Non c'è due senza tre

Agnello scottadito © Brillante-Severina
"La gastronomia considera il gusto nei suoi piaceri come nei suoi dolori..." Brillat-Savarin
Penango, Piemonte - È la terza volta in dieci anni che recensisco per la Guida questo ristorante. Del primo pranzo (anno 2003), quando il locale aveva ancora un voto alto, ricordo soprattutto un piacevole aperitivo nello spazio all'aperto affacciato sulle colline e profumato di glicine.
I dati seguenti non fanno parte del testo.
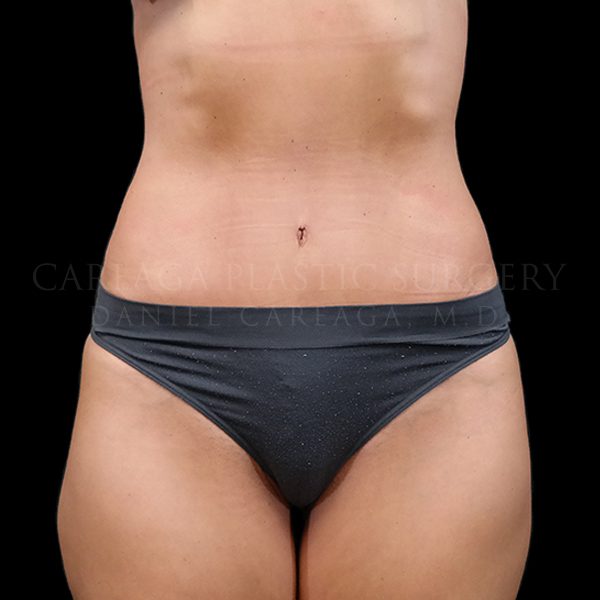 Tummy tuck after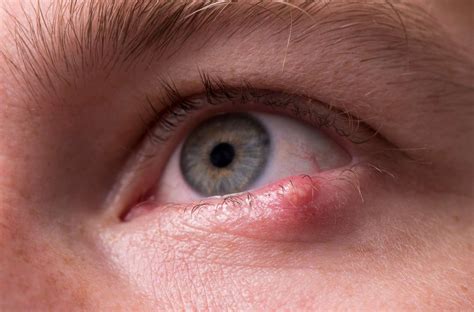 What Is A Stye Plus Eye Stye Causes And How To Get Rid Of A Stye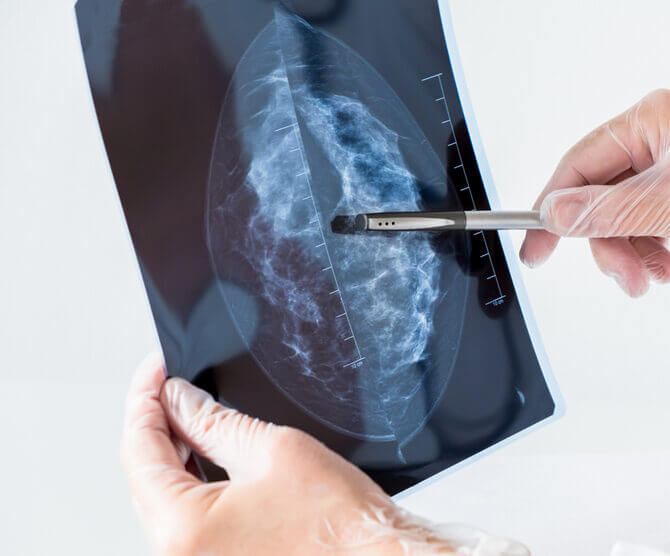 BioZorb Marker Implant Lawsuit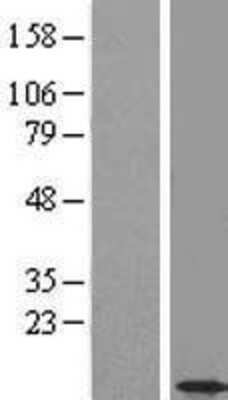 Western Blot: CCDC56 Overexpression Lysate [NBL1-08806]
La seconda volta la decadenza era ormai in stato avanzato e i ricordi si legano alla strada chiusa per lavori imprevisti, alla receptionist che non sapeva indicare strade alternative, al fegato grasso verdognolo (leggere Se questo è un foie gras >>), al maître che a fine pranzo mi porgeva il proprio biglietto da visita aggiungendo un ammiccante "mi chiami per qualunque necessità" (spero che aver lasciato cadere il biglietto sul viale di ingresso sia stata una risposta esauriente). Poi c'è stato il terzo pranzo, con l'accoglienza sussiegosa e poi le briciole sulla sedia, il calice di vino di aperitivo triste per servizio e scandaloso per prezzo, il maître nuovo che si ferma a parlare sempre allo stesso tavolo, la cucina migliorata ma non memorabile (della quale salvo le costolette d'agnello impanate con grissini e camomilla), l'impressione di essere in una colonia a uso di stranieri per i quali, bontà loro, tutto ciò che è italiano è pittoresco.